[Exercise aim]
Would you restate the full listing word for word and omit its pictures?

[The data]
----

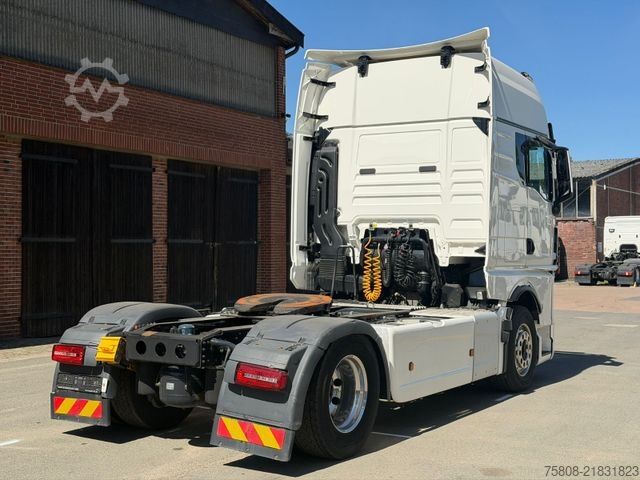 Standard tractor unit MAN TGX 18.510 XXL Intarder 2 Tanks ACC LGS Alcoa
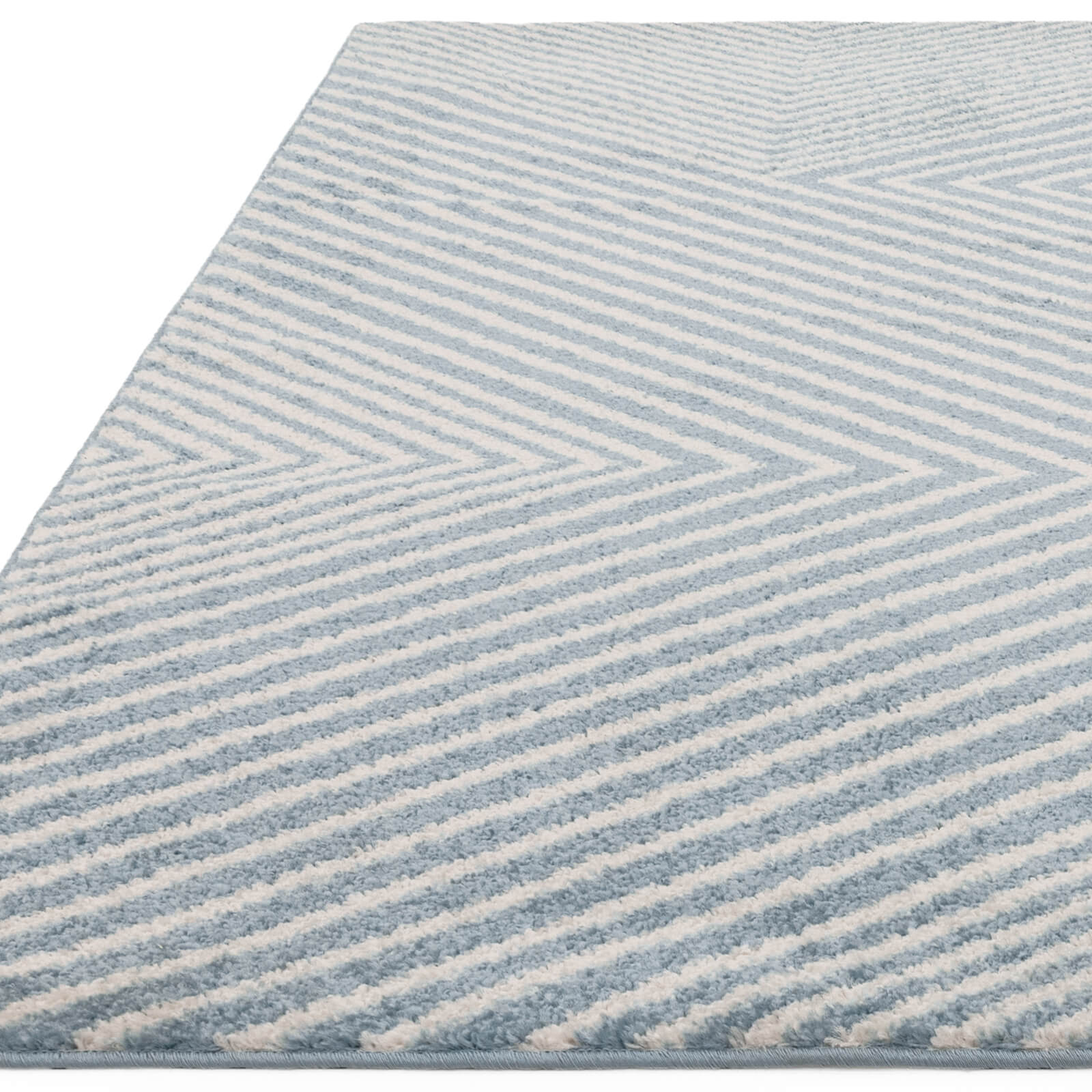 Asiatic Muse MU19 Cross Blue Rug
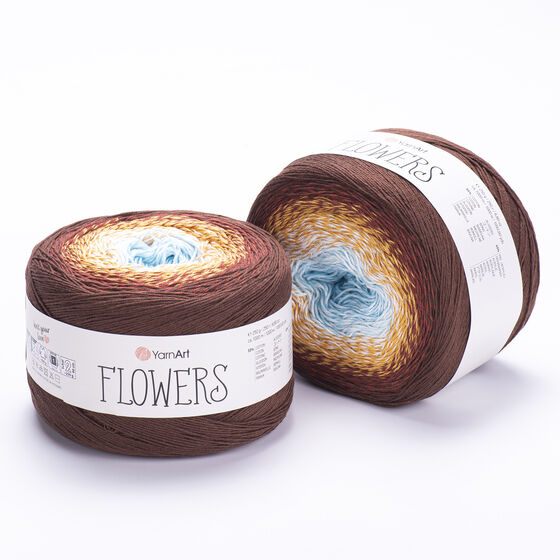 YarnArt FLOWERS 250 GR 1000 MT ÖRGÜ İPİ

----

[Result for this task]
 Standard tractor unit MAN TGX 18.510 XXL Intarder 2 Tanks ACC LGS Alcoa
 Asiatic Muse MU19 Cross Blue Rug
 YarnArt FLOWERS 250 GR 1000 MT ÖRGÜ İPİ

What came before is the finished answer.